🤖 AI Summary
Existing image forgery detection methods primarily focus on pixel-level anomalies while neglecting the semantic attributes of tampered content (e.g., scene categories, object classes) and human visual attention mechanisms, leading to frequent misclassifications in semantically salient regions. Method: We first systematically reveal a significant distributional bias between visual saliency and semantic saliency in mainstream benchmarks (IMD, FaceForensics++), then propose the first semantics-aware forensic framework—integrating SAM for segmentation, DeepGaze for bottom-up saliency prediction, and an eye-tracking model for top-down attention modeling—to establish a joint saliency–semantics modeling pipeline. Contribution/Results: This bias is shown to increase false positive rates by 23.7%. Based on this finding, we construct and publicly release the first tampering benchmark subset annotated with explicit saliency–semantics correlations, advancing the detection paradigm from pixel-driven to cognition-aware.
📝 Abstract
The social media-fuelled explosion of fake news and misinformation supported by tampered images has led to growth in the development of models and datasets for image manipulation detection.
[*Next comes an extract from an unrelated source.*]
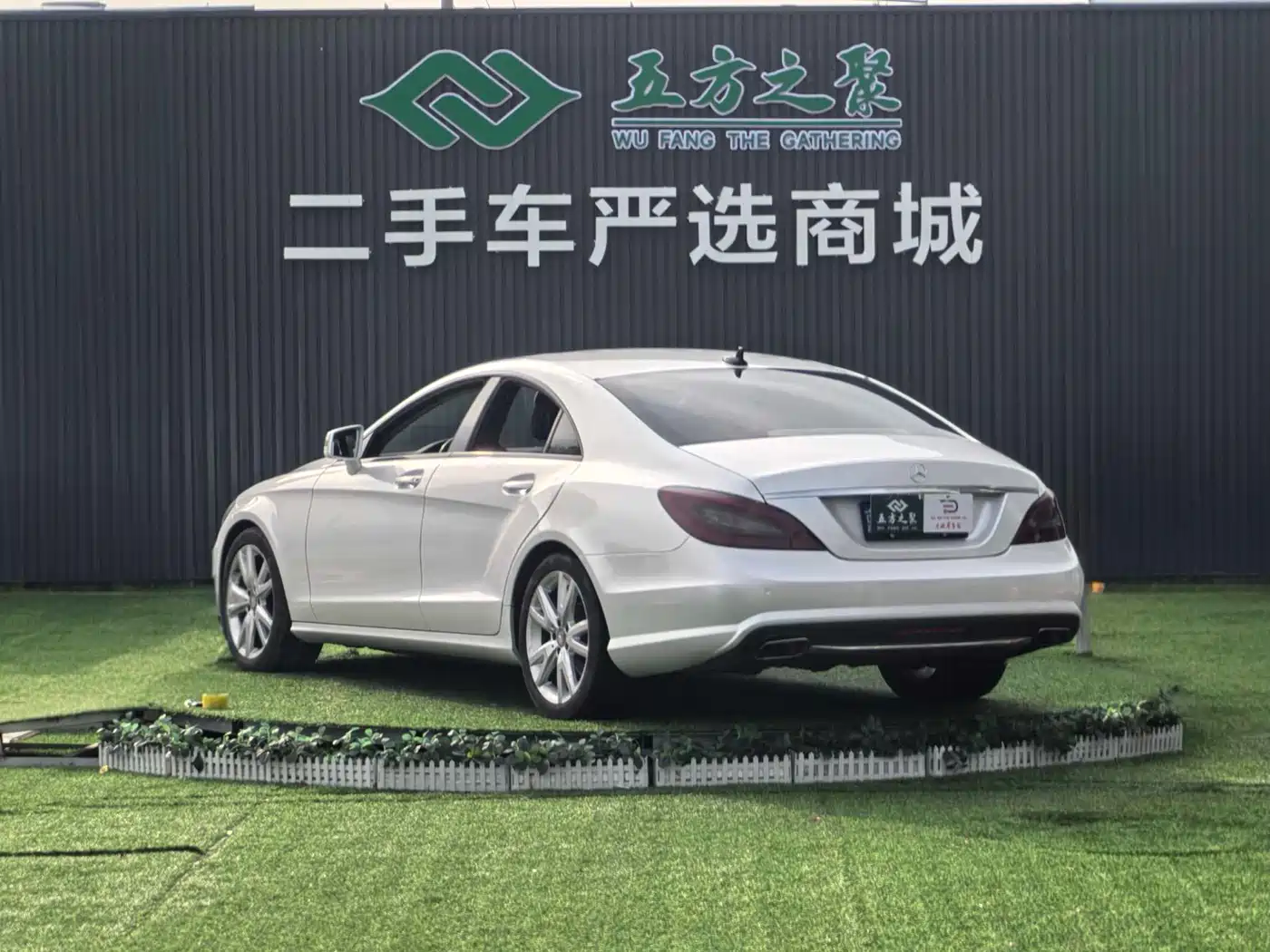 Mercedes-Benz CLS 2012 CLS 300 CGI фото 15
However, existing detection methods mostly treat media objects in isolation, without considering the impact of specific manipulations on viewer perception. Forensic datasets are usually analyzed based on the manipulation operations and corresponding pixel-based masks, but not on the semantics of the manipulation, i.e., type of scene, objects, and viewers' attention to scene content. The semantics of the manipulation play an important role in spreading misinformation through manipulated images. In an attempt to encourage further development of semantic-aware forensic approaches to understand visual misinformation, we propose a framework to analyze the trends of visual and semantic saliency in popular image manipulation datasets and their impact on detection.